UN PROGETTO UMANISTICO
Successivamente, nel 2003, con l’acquisto della nostra casa in campagna, ho cominciato a lavorare i miei campi con Julka per arare, passare l’erpice, seminare, falciare, rastrellare e trasportare il fieno. Essendo anche appassionato di vecchi attrezzi, ho cominciato a organizzare una raccolta di attrezzi tradizionali in modo per creare un percorso logico di strumenti per ogni tipo di lavoro. Ho fondato, poi, un’Associazione Natura Cavalli e Carrozze per divulgare il saper fare i lavori nei campi con i cavalli, per organizzare dimostrazione di lavori agricoli, per promuovere feste attorno al cavallo attaccato e creare un museo didattico con gli attrezzi raccolti. Io e Paolo siamo andati avanti con il nostro ideale di praticare un’agricoltura umanistica, in cui si reintroduce la manualità, la fatica e anche il lavoro con gli animali, ovviamente nel loro assoluto rispetto. Vogliamo condividere questa esperienza con i più giovani, che chiedono e desiderano uno sviluppo futuro diverso di quello a cui siamo abituati da 50 anni: per i giovani agricoltori che si mettono in gioco noi siamo presenti per accompagnarli. Con questo spirito nel 2017 l’Associazione Natura Cavalli e Carrozze organizzava un convegno ospitato nell’azienda vitivinicola Jermann a Dolegno del Collio, intitolato: Il Cavallo la Terra e l’Uomo con partner tecnici.

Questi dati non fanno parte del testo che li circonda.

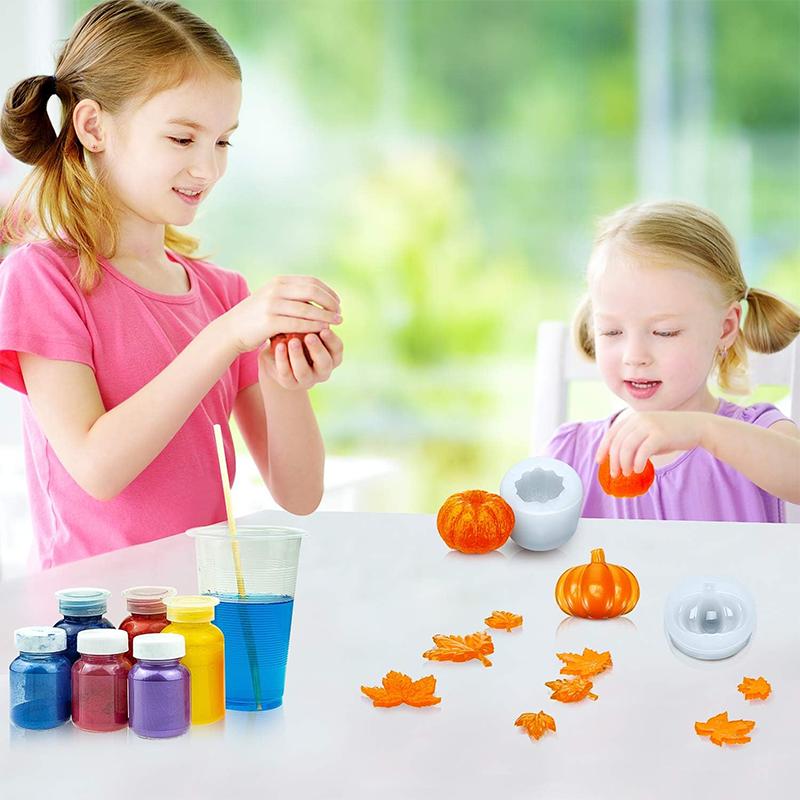 WTEMPO Pumpkin Silicone Molds Halloween Resin Molds Thanksgiving Candle Epoxy Maple Molds Mixed Ghost Mold for Fall DIY Craft Making Decor Supplies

AL PASSO LENTO DEI CAVALLI
La trazione animale, in maniera modesta, ma convincente, per coloro che s’interessano alle questioni delle economie durevoli, può senz’altro avere una parte centrale e moderna nel paesaggio rurale ed agricolo, bisogna gradualmente cambiare, però ,l’attuale modello di sviluppo. Il contatto fisico con la terra, permette un rapporto privilegiato, avvicinarsi fisicamente ad essa, porta ad una conoscenza approfondita del suolo. Nell’esperienza acquisita in questi ultimi anni, abbiamo dovuto imparare molto, soprattutto in un ambiente che è molto cambiato; capire quale fosse il modo migliore per l’addestramento dei cavalli, quali materiali e attrezzi adoperare (oggi c’è una nuova offerta di macchinari in Europa per lavorare con la trazione animale, utilizzati in Belgio, Germania e Francia dove le superficie lavorate sono significative). E’ l’animale che impone un suo ritmo, una sua tecnicità e richiede delle costrizioni molto differenti di quelle alle quali i trattori ci hanno abituato. E poi, come conciliare il lavoro con il benessere dell’animale? Le risposte le abbiamo trovate nel passo lento del cavallo, nella sua storia di cammino millenario assieme all’uomo e nelle nuove prospettive che questo animale può ancora dare in una agricoltura moderna. Oggi più che mai dobbiamo seriamente chiederci come tornare ad una economia naturale salvaguardando gli ecosistemi, come garanzia per avere il suolo fertile, l’aria e l’acqua pulite.
Rispettando la terra
Negli ultimi 20 anni ho organizzato una raccolta di attrezzi agricoli tradizionali in modo da creare un percorso logico di materiali per ogni tipo di lavoro in un museo didattico. Gli attrezzi che ho ritirato nelle vecchie cascine o dai vecchi agricoltori, li utilizzo regolarmente per i lavori agricoli. Sono originali e il più vecchio, un aratro con carretto, risale ai primi anni del 1900 e riporta la targa del costruttore Ansaldo, mentre il più recente è del secondo dopoguerra. Attrezzi come aratri di varia forma e misura per le diverse semine, erpici, seminatrici varie per granoturco o altre colture, mi permettono di lavorare la terra come una volta: con il cavallo e rispettando la terra senza maltrattarla come a volte succede usando pesanti trattori.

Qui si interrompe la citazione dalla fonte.